Today we welcome guest blogger Chris Gerben. Chris teaches writing and speaking courses within the Program in Writing and Rhetoric at Stanford University. His research interrogates ways in which students’ extracurricular and/or online writing may be seen as collaborative, argumentative, and academic. You can contact Chris at cgerben@stanford.edu.
At the beginning of each semester you may confuse me for a priest holding confessions. Students line up to confide in me that they’re not good writers (despite grades or early writing assignments to the contrary.)
For thirteen years as an instructor, I’ve heard the same insecurities from both stellar and struggling students. Students often tend to think that becoming a “writer” is something that is far off, like a goal line that, once passed, will be seen only in hindsight where the hard work and difficulties are behind them. In this view, “writers” are other people, and the rest of us are still struggling to find our way.
Experienced instructors fully understand the fallacy of such thoughts, and yet we often teach and assign texts that inadvertently reinforce it.
Comics in the Classroom
Part of the problem feeding the aforementioned confessions is that our assigned texts often reinforce paradigms of what it means to author: everything from the style of academic prose to the hardcover bindings of books tell students that writing is an indifferent, far-off success. As a result, how we teach students to read (and consequently write) is equally walled off: we seek to understand and to analyze hidden motives and far-off meanings, and we read to write through the text, but not necessarily to the text.
Comics in the classroom, however, provide us with examples of where authors look directly at their readers, and students can imagine themselves as equally active agents in the ongoing dialogues. Likewise, these texts provide multiple entry points to knowledge.
Page 44 of Understanding Rhetoric, for example, uses smart, economical visuals to explain the classical appeals in a variety of ways: providing definitions, paraphrases, examples, and even an author’s facial reactions mimicking the given appeal (e.g. Liz looking emotionally distressed to display pathos.)
This page, which I’ve taught with equal success to both high school and college students, demonstrates these strengths of comics in the writing classroom: meeting readers exactly where they are on their journey to seeing themselves as writers. Such a graphic approach takes advantage of its visual means to connect directly with readers and, perhaps, restore some of their confidence in their ability to talk back to the material.
Production Over Consumption
Here, “talking back” is the bridge between reading and writing (or consumption and production), where teachers can use comics to deliver information, but also invite students to produce visual narratives, such as comics.

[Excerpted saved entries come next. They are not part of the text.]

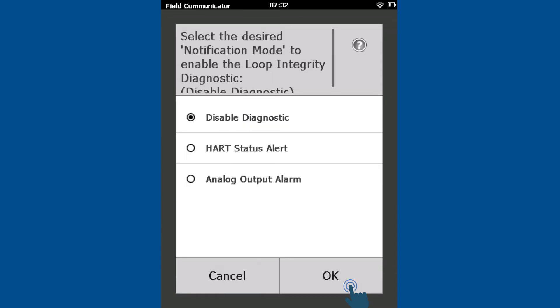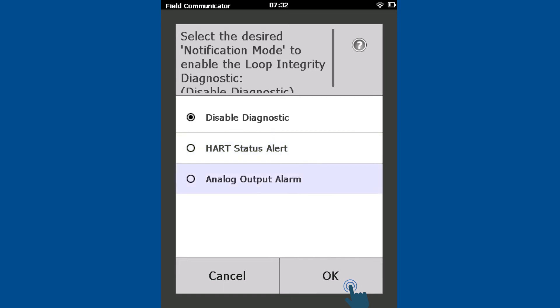Finally, choose your desired notification mode for when deviations are detected. HART Status Alert will generate a HART alert and clear itself when the transmitter identifies that the event has been resolved. Analog output alarm will drive the transmitter to its alarm setting.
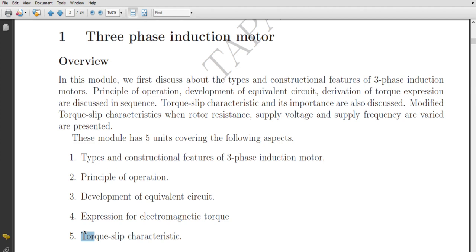We have already discussed how to maintain that angle constant. The problem we were facing is that since our stator is stationary, when we provide a supply, a stationary coil will obviously produce a pulsating or stationary magnetic field. The concern was: how to generate a rotating magnetic field from that stationary coil. This was the main concern. We then discussed that when a three-phase balanced supply is provided to a three-phase balanced winding that is 120 degrees spatially displaced, even a stationary coil will produce a rotating magnetic field.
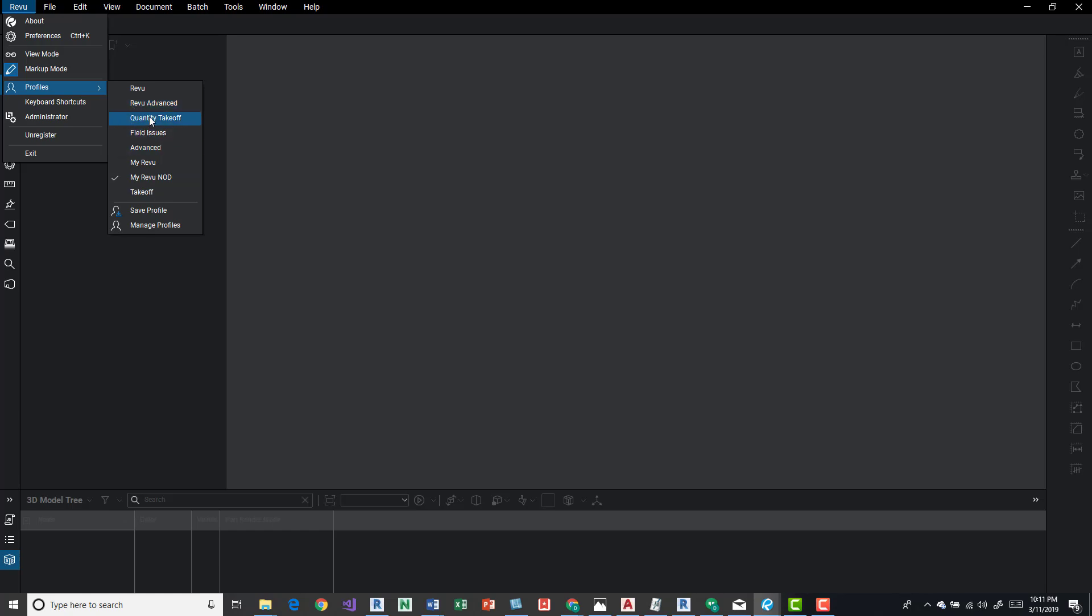These are kind of default on your Bluebeam install. So we have Review, Review Advance, Quantity Takeoff.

Bedford provides a nice list of sites and sources to accomplish this.
One way I’ve used comics successfully in my college classroom is to use them in assignments I call “visual conversations.” In these assignments, students bring in a digital photo of themselves (or choose an impersonal yet significant avatar) and then use Google or other online resources to find photos of the authors we’ve discussed in class. For example, if a student were writing about this blog, she may use the author photo above. Once the author photos are in place, students use comics to simulate an actual conversation they may have with the authors. The conversations often start as informal, and even silly, but eventually scaffold to incorporate class themes, the students’ claims, and even direct quotes.
Though students use the paradigm of comics to model this conversational give and take, there are many variations I allow:
- Use an app/program like Comic Life to drag and drop visuals and text into actual comic forms (students often create pages-long narratives with this)
- Use software such as Photoshop or Powerpoint to create a low-tech visual mock-up of a social network site, where authors become the student’s virtual “friends”
- Use Word or any word processer to mimic the give and take of a text message or instant message conversation
Conversation as Writing; Writing as Conversation
What the above assignment and Understanding Rhetoric have in common is that they position the students as active agents in a conversation that they (the students) are invested in. In the assignment, students control the language, flow, and outcome of the conversation. In the textbook, the authors are drawn to literally look readers in the eye, forming a direct connection to the content. Both instances make the metaphor of writing as conversation more concrete, and provide a powerful lesson for our student writers that the best writing isn’t some far off goal of getting published, but is the immediate action of connecting with a singular individual.
Comics provide us, in the form of texts like Understanding Rhetoric, not only novel ways to read and analyze the inherent conversation of writing; they provide us with a heuristic for transferring the often abstract forms of thought and oral conversation with the very vivid world of rhetorically-aware writing.